== Work order ==
The answer must consist solely of the lines from the one containing "hoe van luchthaven" through the last line of the records below, repeated exactly, with all pictures omitted.

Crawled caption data

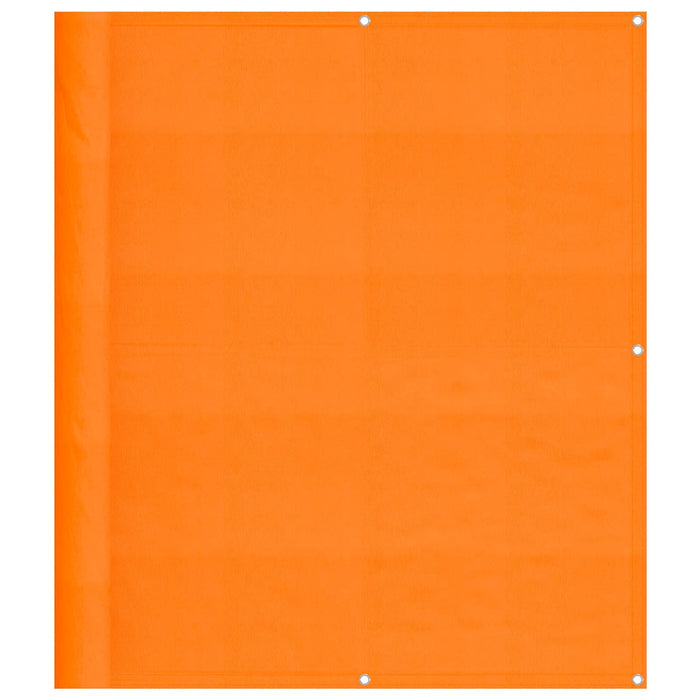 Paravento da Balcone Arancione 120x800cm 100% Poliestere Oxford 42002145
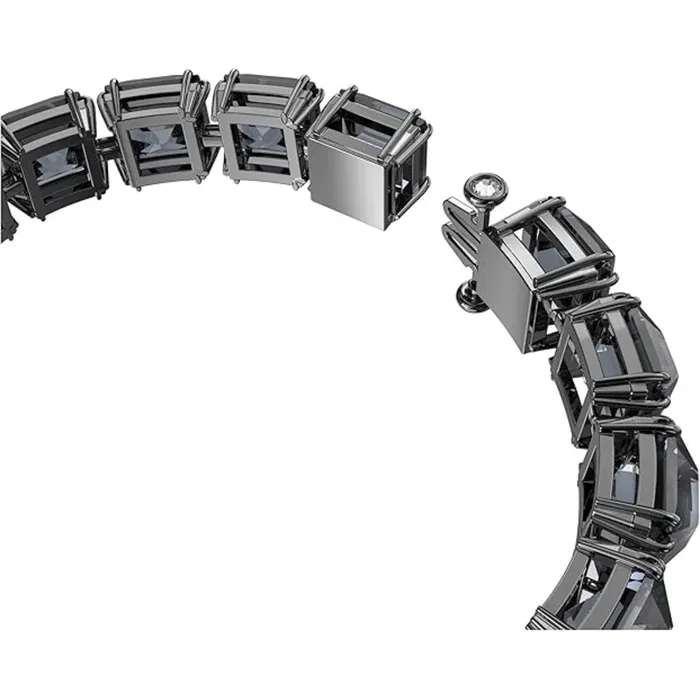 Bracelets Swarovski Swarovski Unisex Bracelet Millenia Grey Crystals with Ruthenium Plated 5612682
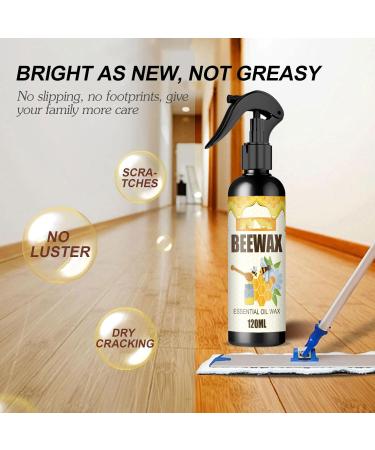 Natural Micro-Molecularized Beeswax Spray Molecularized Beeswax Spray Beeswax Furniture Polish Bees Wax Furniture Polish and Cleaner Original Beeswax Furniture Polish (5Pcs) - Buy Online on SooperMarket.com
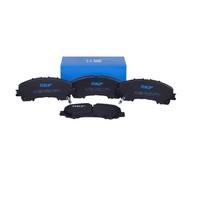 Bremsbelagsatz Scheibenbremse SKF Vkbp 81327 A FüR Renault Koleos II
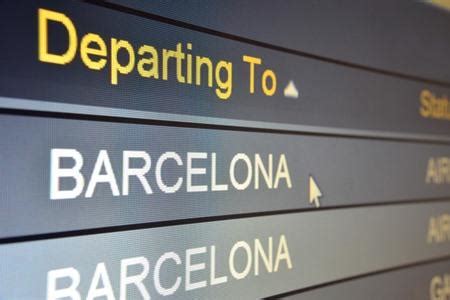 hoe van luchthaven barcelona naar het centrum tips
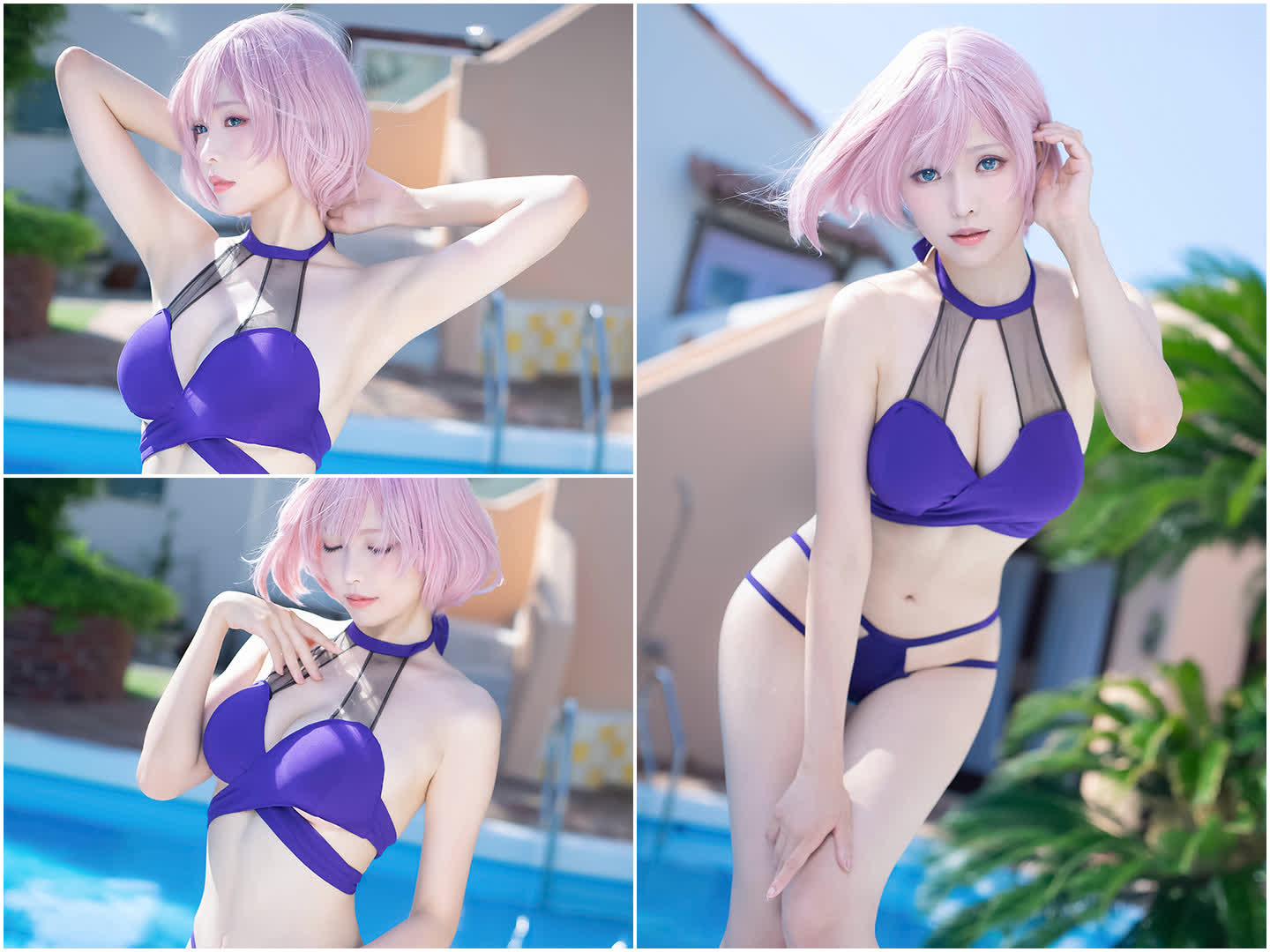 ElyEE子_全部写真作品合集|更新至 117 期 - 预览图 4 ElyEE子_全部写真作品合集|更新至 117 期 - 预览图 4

== Your response ==
 hoe van luchthaven barcelona naar het centrum tips
 ElyEE子_全部写真作品合集|更新至 117 期 - 预览图 4 ElyEE子_全部写真作品合集|更新至 117 期 - 预览图 4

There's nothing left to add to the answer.